Department of Radiology, Tianjin Hospital, Jiefangnan Road, Hexi District, Tianjin, 300211, P.R. China.
Department of Radiology, The First Affiliated Hospital of Nanjing Medical University, Nanjing, 210000, P.R. China.
BMC Med Imaging. 2023 Apr 20;23(1):60. doi: 10.1186/s12880-023-01014-5.
OBJECTIVE: To investigate the feasibility of ultra-short echo time (UTE) magnetic resonance imaging (MRI) in the assessment of cartilage endplate (CEP) damage and further evaluate the relationship between total endplate score (TEPS) and lumbar intervertebral disc (IVD) degeneration for chronic low back pain patients. MATERIALS AND METHODS: IVD were measured in 35 patients using UTE imaging at 3T MR. Subtracted UTE images between short and long TEs were obtained to depict anatomy of CEP. The signal-to-noise ratio (SNR) and contrast-to-noise ratio (CNR) were calculated to assess the image quality quantitatively. A new grading criterion for endplate damage evaluation was developed based on Rajasekaran.S grading system in this study. Two radiologists were employed to evaluate CEP and bony vertebral endplates (VEP) using this new grading criterion and assess TEPS, independently. Cohen's kappa analysis was applied to evaluate the inter-observer agreement of endplate damage assessment between two radiologists, and the Kendall's TAU-B analysis was employed to determine the relationship between TEPS and IVD degeneration evaluated with Pfirrmann grading. RESULTS: Well structural CEP was depicted on subtracted UTE images and confirmed by high SNR (33.06±2.92) and CNR values (9.4±2.08). Qualified subtracted UTE images were used by two radiologists to evaluate the degree of CEP and VEP damage. Excellent inter-observer agreement was confirmed by high value in Cohen's kappa test (0.839, P < 0.001). Ensured by this, 138 endplates from 69 IVDs of 35 patients were classified into six grades based on the new grading criterion and TEPS of each endplate was calculated. In addition, the degeneration degree of IVDs were classified into five grades. Finally, using Kendall's TAU-B analysis, significant relationship was obtained between endplate damage related TEPS and IVD degeneration (r = 0.864, P < 0.001). CONCLUSION: Ensured by high image quality, UTE imaging might be considered an effective tool to assess CEP damage. Additionally, further calculated TEPS has shown strong positive association with IVD degeneration, suggesting that the severity of endplate damage is highly linked with the degree of IVD degeneration.

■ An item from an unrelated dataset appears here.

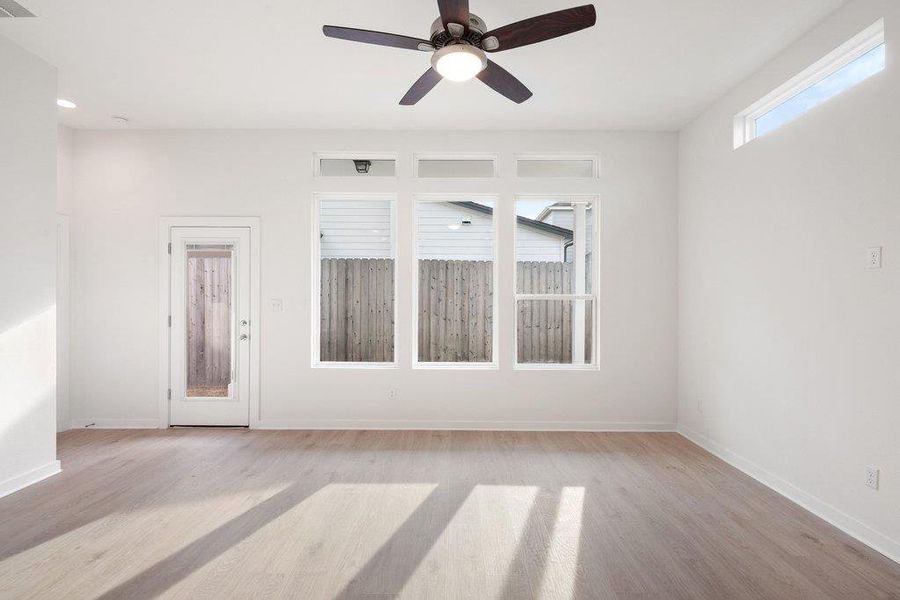 Unfurnished room featuring ceiling fan and light wood-style floors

目的:探讨超短回波时间(UTE)磁共振成像(MRI)在评估软骨终板(CEP)损伤中的可行性,并进一步评估总终板评分(TEPS)与慢性下腰痛患者腰椎间盘(IVD)退变之间的关系。
材料与方法:在 3T MRI 上对 35 例患者的 IVD 进行 UTE 成像测量。通过获得短 TE 和长 TE 之间的减去 UTE 图像来描绘 CEP 的解剖结构。计算信噪比(SNR)和对比噪声比(CNR)以定量评估图像质量。本研究基于 Rajasekaran.S 分级系统,制定了一种新的终板损伤评估分级标准。两名放射科医生使用新的分级标准评估 CEP 和骨性椎体终板(VEP),并独立评估 TEPS。采用 Cohen's kappa 分析评估两位放射科医生对终板损伤评估的观察者间一致性,采用 Kendall's TAU-B 分析评估基于 Pfirrmann 分级的 TEPS 与 IVD 退变之间的关系。
结果:减去 UTE 图像上显示出结构良好的 CEP,并具有较高的 SNR(33.06±2.92)和 CNR 值(9.4±2.08)得到证实。两位放射科医生使用合格的减去 UTE 图像评估 CEP 和 VEP 损伤程度。Cohen's kappa 检验的高值证实了极好的观察者间一致性(0.839,P < 0.001)。基于此,根据新的分级标准对 35 例患者的 69 个 IVD 中的 138 个终板进行分类,并计算每个终板的 TEPS。此外,将 IVD 的退变程度分为五度。最后,通过 Kendall's TAU-B 分析,在终板损伤相关的 TEPS 与 IVD 退变之间获得了显著的相关性(r = 0.864,P < 0.001)。
结论:高质量的图像证实,UTE 成像可能是评估 CEP 损伤的有效工具。此外,进一步计算的 TEPS 与 IVD 退变呈强正相关,表明终板损伤的严重程度与 IVD 退变程度密切相关。